Selina Hastings, Countess of Huntingdon

Selina, Countess of Huntingdon 1707-1791

Aristocratic Supporter of Evangelical Reveival

Biography

Born Lady Selina Shirley daughter of Washington Shirley, 2nd Earl Ferrers. She married Theophilus Hastings, 9th Earl of Huntingdon on 3 June 1728, and went to live at Donington Park; he died in 1746. She gave birth to seven children in the first ten years of the marriage.

In 1739, Lady Huntington joined the first Methodist society in Fetter Lane, London.  After the death of her husband in 1746, she threw in her lot with John Wesley and George Whitefield in the work of the great revival. Whitefield became her personal chaplain, and, with his assistance, she founded the "Countess of Huntingdon's Connexion", a Calvinistic movement within the Methodism.

In the earlier part of her life the great hymn writers Isaac Watts, Philip Doddridge, and Augustus Montague Toplady were among her friends. Lady Anne Erskine (eldest daughter of the 10th Earl of Buchan), was her closest friend and companion for many years in the latter part of Lady Huntingdon's life.

 

 

Achievements

She founded a ministers' training college at Trefeca in Mid Wales. George Whitefield preached at the opening ceremony. The college moved to Hertfordshire in 1792, and was renamed Cheshunt College.

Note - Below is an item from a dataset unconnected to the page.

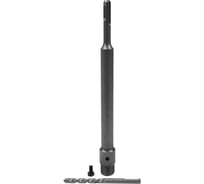 Державка для коронки по бетону Pobedit SDS+ 250 мм M22 4805525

It is said that expended £100,000 in the cause of religion.

She arranged for the aristocracy including the Earl Chesterfield, Sir Robert Walpole, Britain’s first Prime Minister as well as other leading men. She held large dinner parties at which Whitefield preached to the gathered dignitaries after they had eaten.

She was responsible for founding 64 chapels and contributed to the funding of others, insisting they should all subscribe to the doctrines of the Church of England and use only the Book of Common Prayer.

She appointed ministers to officiate in them, under the impression that as a peeress she had a right to employ as many chaplains as she pleased. In her chapel at Bath there was a curtained recess dubbed "Nicodemus' Corner" where bishops sat incognito to hear services.

Controversy

Inevitably, as  an eighteenth century aristocrat, she was a slave owner, though she later championed the writings and tours of ex-slaves.

She was forced to quit the Church of England and become a dissenter.

She fell out with several prominent preachers William Romaine and Henry Venn regarding her authority to appoint and remove preachers in her connexion.

In her will, she requested no biography of her should be written and none was attempted until 90 years after her death.

Quotes

  • Middle-age has its compensations. You feel no need to do what you do not like. You are no longer ashamed of yourself; you are reconciled to being what you are, and you do not much mind what people think of you.
  • I am often tired of myself, and I have a notion that by travel I can add to my personality, and so change myself a little. I do not bring back from a journey quite the same self that I took.
  • None know how to prize the Saviour, but such as are zealous in pious works for others.
  • My work is done; I have nothing left to do but to go to my Father.